*** Opening of EXERCISE DATA ***

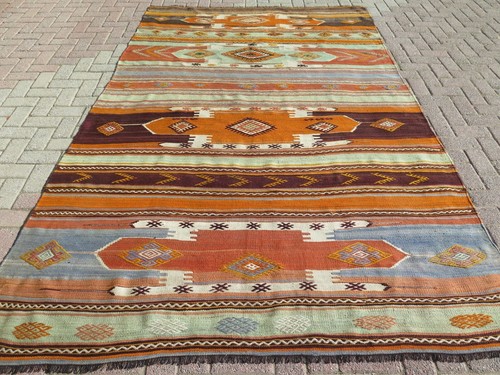 Ancien kilim turc - ,, tapis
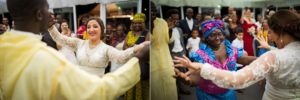 Un teaser du mariage de Kenza et Donald, entre Centrafrique et Maroc. Préparatifs et photos au Chateau du Tertre, réception au Domaine de Cordet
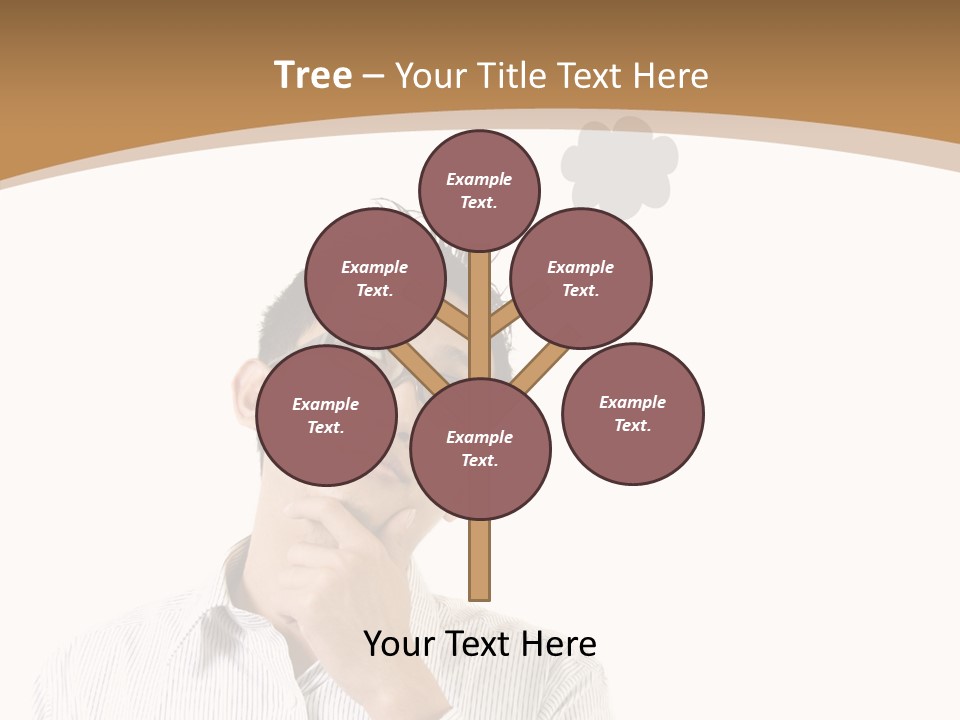 Mind Think Emotion PowerPoint Template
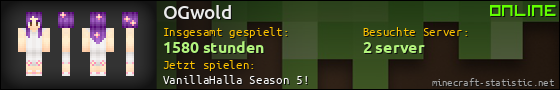 Benutzerleisten 560x90 für OGwold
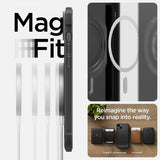 Spigen iPhone 14 Deksel Rugged Armor MagFit Matte Black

*** Close of EXERCISE DATA ***

ABOUT THIS TASK
Each record must be repeated exactly, and no picture may be carried over.

TASK RESULT
 Ancien kilim turc - ,, tapis
 Un teaser du mariage de Kenza et Donald, entre Centrafrique et Maroc. Préparatifs et photos au Chateau du Tertre, réception au Domaine de Cordet
 Mind Think Emotion PowerPoint Template
 Benutzerleisten 560x90 für OGwold
 Spigen iPhone 14 Deksel Rugged Armor MagFit Matte Black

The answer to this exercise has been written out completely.